Many of the other hundred and twenty-two passengers lacked his level of self-control, and fights broke out all up and down the length of the plane. In the hundreds of flights he’d been on, he’d never seen such raw aggression before, and that included the one he’d been blown out of.
Once they were on the ground, one of the flight attendants came out of hiding to tell them that anyone who could leave under their own steam was free to disembark, which he thought was strange until he saw the terminal.
It was obvious that whatever caused the delay had been more than just a computer glitch, besides the usual airport police, their Sig MCX carbines pointing at the floor as they scanned the crowd for suspicious activity, there was also what seemed to be half of Edinburgh’s constabulary (all armed with either hand guns or tasers) marshalling the long, snaking lines that led to the customs desks.
The shops and bars were all closed with one shutter being dented and stained with blood, as if someone had tried to use a head as a battering ram, whatever had happened, the authorities were obviously too busy to bother with a few isolated fistfights on incoming flights.
He was standing near the back of a queue that was moving so imperceptibly slowly he half-expected to be passed by a snail in a hurry at any second. They’d been the last flight to land and on the overhead arrivals board, each of the “DELAYED” signs was changing to “REDIRECTED” one at a time.

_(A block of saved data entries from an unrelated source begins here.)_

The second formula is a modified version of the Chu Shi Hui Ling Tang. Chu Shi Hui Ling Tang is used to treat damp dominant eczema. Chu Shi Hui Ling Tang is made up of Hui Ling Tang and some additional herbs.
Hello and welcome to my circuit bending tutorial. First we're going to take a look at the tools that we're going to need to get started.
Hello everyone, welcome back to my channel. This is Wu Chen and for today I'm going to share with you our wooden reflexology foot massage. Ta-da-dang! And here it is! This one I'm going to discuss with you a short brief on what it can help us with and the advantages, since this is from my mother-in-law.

That provoked a young man waiting for one of the arrivals to throw a punch at a passing member of staff, a middle-aged woman from an airline check-in desk. She jumped back to avoid the blow, tripped over a suitcase and fell backwards into a hen party, sending carrier bags full of duty-free drinks crashing to the floor with a smashing of glass. One of the teenage girls squealed with fury as alcohol splashed onto her dress and bent over to grab the woman by the hair. She grabbed back but only came away with a cheap, plastic, fluorescent-pink wig.
A riot broke out, violence spreading like a virus, with every man, woman, and in one case, guide dog for themselves, hitting, scratching, and biting (not always by the dog) as the police stood quietly on the periphery, like shy teenagers waiting to be asked onto the floor at the school dance.

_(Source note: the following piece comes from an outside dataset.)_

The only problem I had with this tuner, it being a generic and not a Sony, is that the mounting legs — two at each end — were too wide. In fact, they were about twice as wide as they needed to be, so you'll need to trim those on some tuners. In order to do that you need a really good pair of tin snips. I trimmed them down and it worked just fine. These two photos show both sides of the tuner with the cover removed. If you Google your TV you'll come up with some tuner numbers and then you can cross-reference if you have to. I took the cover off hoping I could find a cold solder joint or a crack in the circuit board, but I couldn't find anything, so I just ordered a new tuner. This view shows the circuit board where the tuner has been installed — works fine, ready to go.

Cooper had read the aggressive body language all around him long before the trouble started and had taken sanctuary in the toilets. He knew that if he stayed and hit anybody, he risked spending a night in the cells when the police arrested the winners.
He waited in the cubical for ten minutes after the noise outside subsided before walking back into the concourse, which was empty except for overturned desks with boarding passes and passports scattered about like oversized confetti.
When he got outside, he was just in time to see the police vans and ambulances leaving with the last of the winners and losers. Once they’d gone he had his pick of a rank full of taxis, but it took him several tries to find a driver who wasn’t looking for a fight.
He’d sat in the front next to Alexei, the Greek driver who didn’t know what everyone else was mad about either. They had to swerve several times to get past open-doored cars stopped in the middle of the road as their owners fought each other with hatred in their eyes.
He breathed a sigh of relief when they drew up in front of his nondescript, detached bungalow at the end of a cul-de-sac. It was on the outskirts of Edinburgh and looked like it grew out of the steep hill it backed onto. He didn’t spend much time there, but it was somewhere safe (well, as safe as anywhere could be for people like him) to relax in.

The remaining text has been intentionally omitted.